You are still trying to get Hart to mean the opposite of what he said. Why not simply say you disagree with him over Arius representing the traditional view and Nicaea as the innovation, rather than try to distort what he said?
Hanson’s book is good. It is one the first books I read on the ‘Arian controversy’. It’s huge and has lots of detail. I no longer own a copy because I bought it for £20 and later sold it to make a profit at £100. It is now very scarce. If a cheap physical copy becomes available I’d buy it again.
Hanson is generally fair in his treatment and his overall assessment of pre-Nicene Christology contradicts a neat Trinitarian reading of the history of the dogma. Hanson is clear that the pre-Nicaea orthodoxy was subordinationism. This is most extensively elaborated in Origen but applies to all pre-Nicene Christian authors. Origen also clearly made numerous statements that are simply incompatible with later Trinitarian dogma, such as that the Word is a “secondary god” compared “the God”, calling Jesus a “creation”, and making numerous statements about Jesus being subordinate to God. It is true that Origen also taught a concept of “eternal generation” which later Trinitarians would exploit to bolster their view that Jesus is not a creation. But bearing in mind that Origen viewed Jesus as a creation and subordinate to God, it is appropriate to ask what Origen meant by his own terminology rather than the alternative meaning that later Trinitarians put on it. Origen apparently was concerned to emphasise that Jesus was not begotten at a point in time for reasons to do with his cosmology and therefore conceptualised it as an ongoing process. This in no way negates his numerous statements regarding Jesus’ junior status in relation to God and the gulf is honour, power and position that he perceived between God and Jesus.
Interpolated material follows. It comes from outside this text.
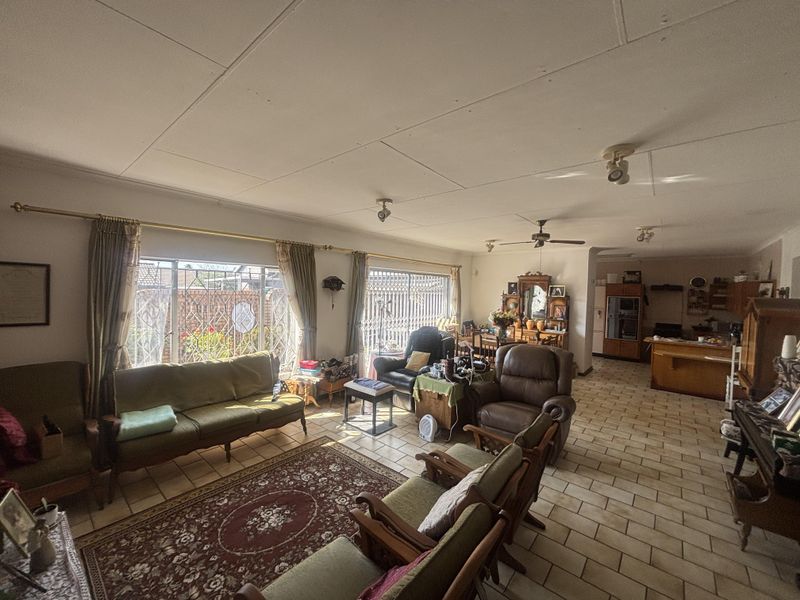 Spacious open-plan living and dining area featuring tiled flooring, ceiling fan, and direct access to the kitchen, offering significant potential for modernization.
Other key points to bear in mind include that later Trinitarians declared Origen a heretic because they recognised that the extensive writings of this preeminent pre-Nicene scholar was incompatible with their Trinitarian dogma. It is also crucial to note that the works of Origen that survive represent a tiny amount of what he wrote and that many of his works were suppressed or rewritten in order to conform with later Trinitarian dogma. You can claim this is not so - inevitably you will - but it is an extensively documented fact in the scholarly literature. Given the tampering with Origen’s work by later Trinitarians, it is in fact remarkable that crucial traces of his subordinationist Christology remains, and it can only mean that his views on this matter were so integral to his overall theology that it simply proved impossible for later Trinitarian dogmaticians to eradicate it completely.